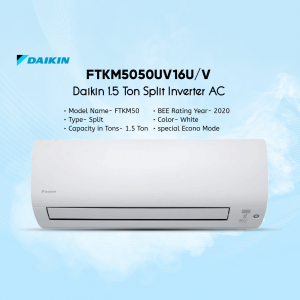 Daikin 1.5 Ton Split Inverter AC FTKM5050UV16U/V Promotional Banner For X
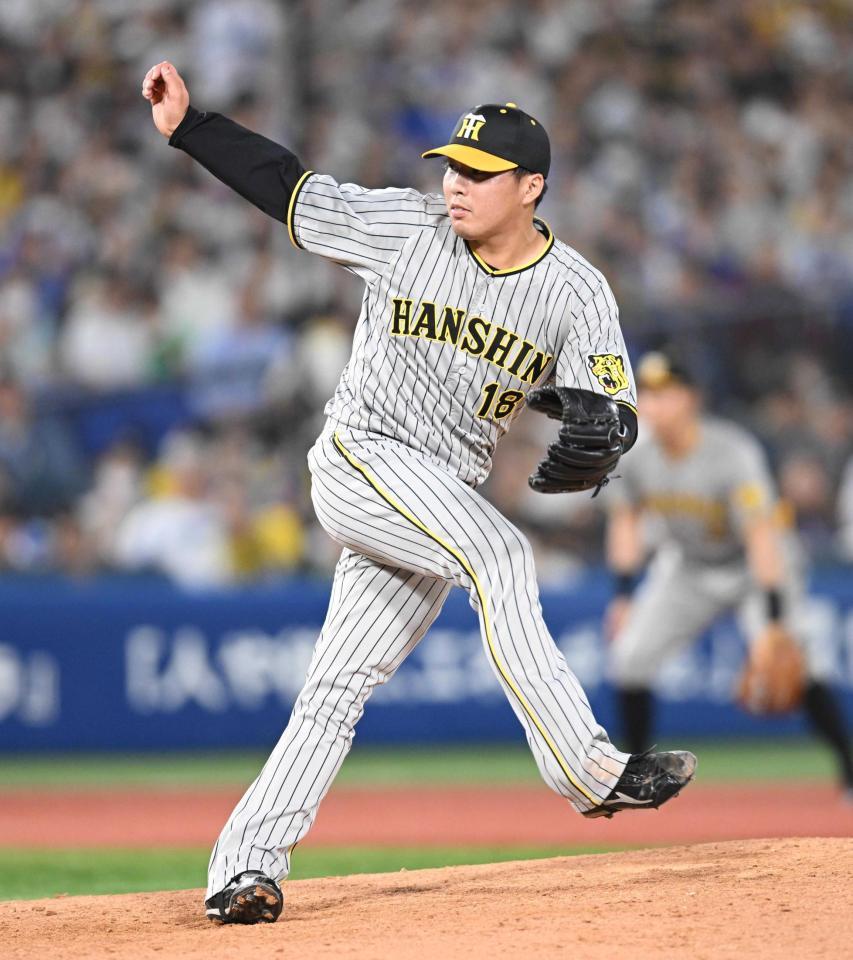 　２回無失点の馬場（撮影・金田祐二）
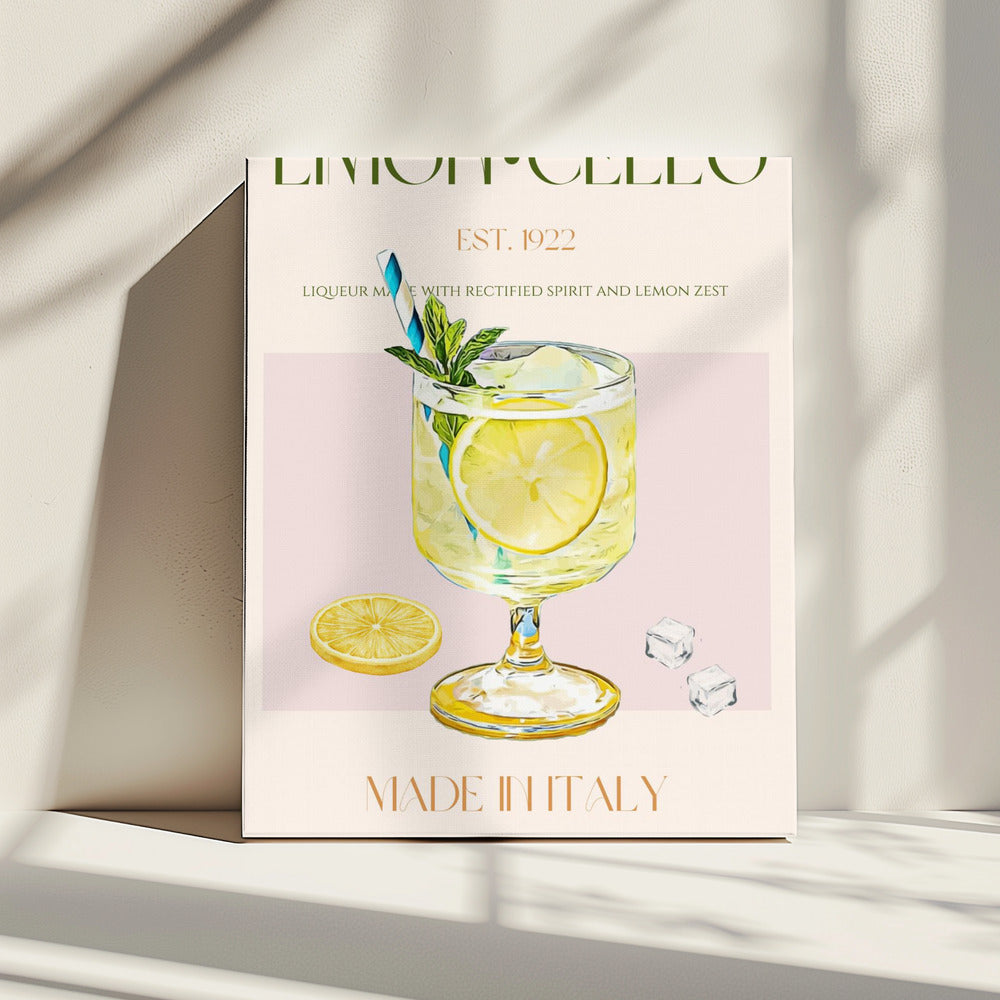 Illustration eines Limoncello-Getränks | Leinwand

◇ ◇ ◇ ◇ ◇

Problem details: Print out the whole listing word for word. Leave the pictures out.

Finished task:
 Daikin 1.5 Ton Split Inverter AC FTKM5050UV16U/V Promotional Banner For X
 　２回無失点の馬場（撮影・金田祐二）
 Illustration eines Limoncello-Getränks | Leinwand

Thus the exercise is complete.